Fast ebenso wichtig ist freilich die Stimmung unter potenziellen Investoren; Ludwig Erhard wird das Bonmot „Wirtschaft ist zu 50 Prozent Psychologie“ zugeschrieben. Und obwohl sich weder die geopolitischen noch die gesamtwirtschaftlichen Perspektiven in den vergangenen Wochen zum Besseren gewandelt haben, hat die neue Regierung einen Stimmungsumschwung bewirkt: Konsum- und Geschäftsklima legten zu, wenn auch nur in kleinen Schritten. Die großen Konjunkturforschungsinstitute erhöhten für das kommende Jahr ihre Prognosen deutlich und sagen 2026 einen Aufschwung mit beachtlichen 1,5 Prozent Wachstum voraus – auch mit Verweis auf das Investitionspaket.

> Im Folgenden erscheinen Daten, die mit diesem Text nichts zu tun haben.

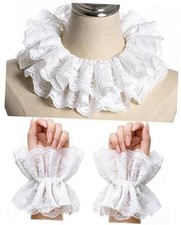 Neck Ruffle Collar Cuffs Set, Detachable Clown Costume Accessories White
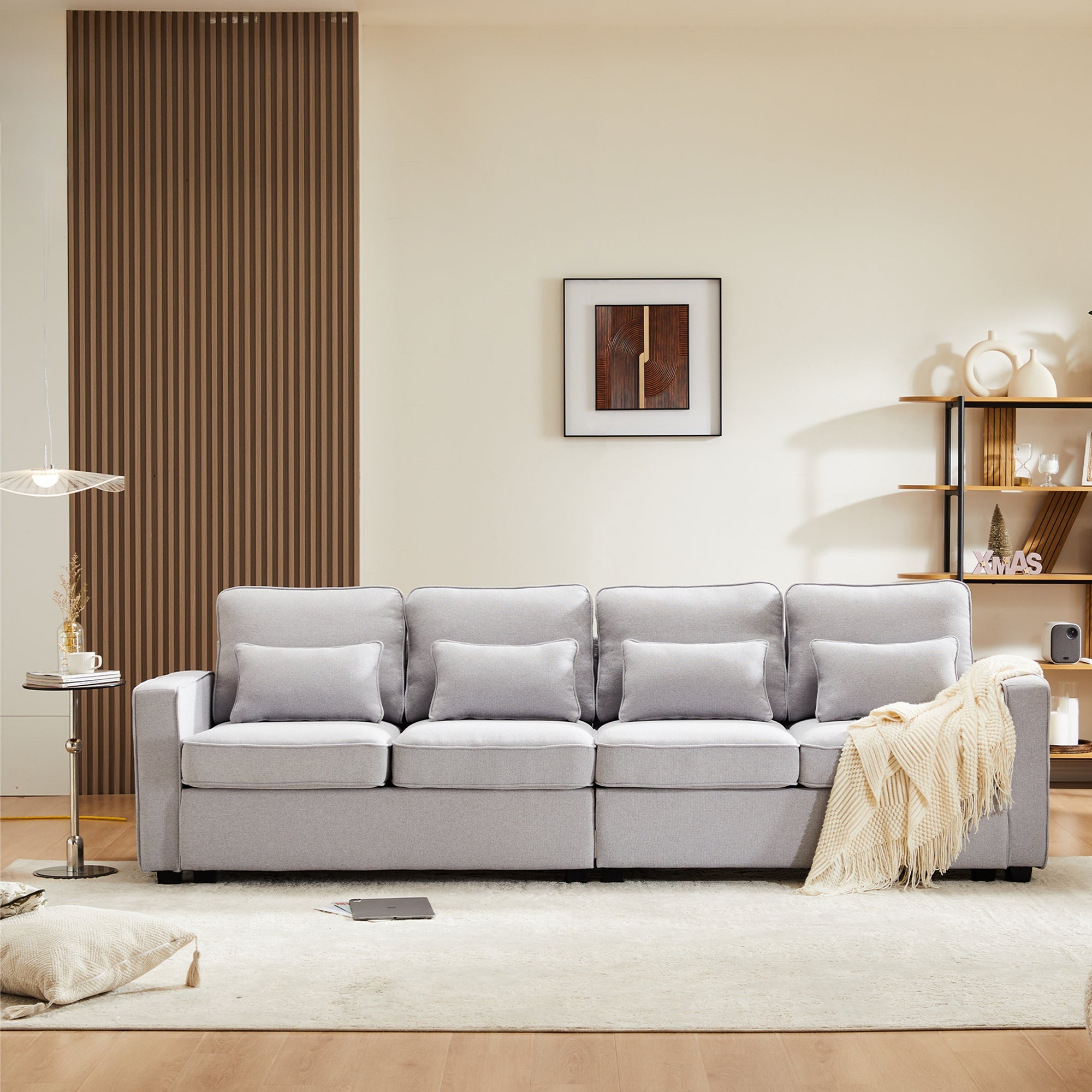 Sofa, 4-Seater with Armrest Pockets & 4 Pillows, Linen Fabric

Deutlich vorsichtiger sind erstaunlicherweise die Regierungsökonomen: Der konjunkturelle Ausblick bleibe angesichts der Unwägbarkeiten der handelspolitischen Ankündigungen und Entscheidungen der US-Administration „verhalten“, schreibt das Wirtschaftsministerium in seiner Lagebewertung. „Eine erneute Abschwächung der deutschen Wirtschaft – unter anhaltenden Schwankungen – ist im weiteren Jahresverlauf nicht auszuschließen.“
Man kann nur hoffen, dass dem Merz-Klingbeil-Fonds nicht ein ähnliches Schicksal droht wie dem Coronafonds der EU: große Worte, kaum messbarer gesamtwirtschaftlicher Erfolg und ein Berg neuer Schulden.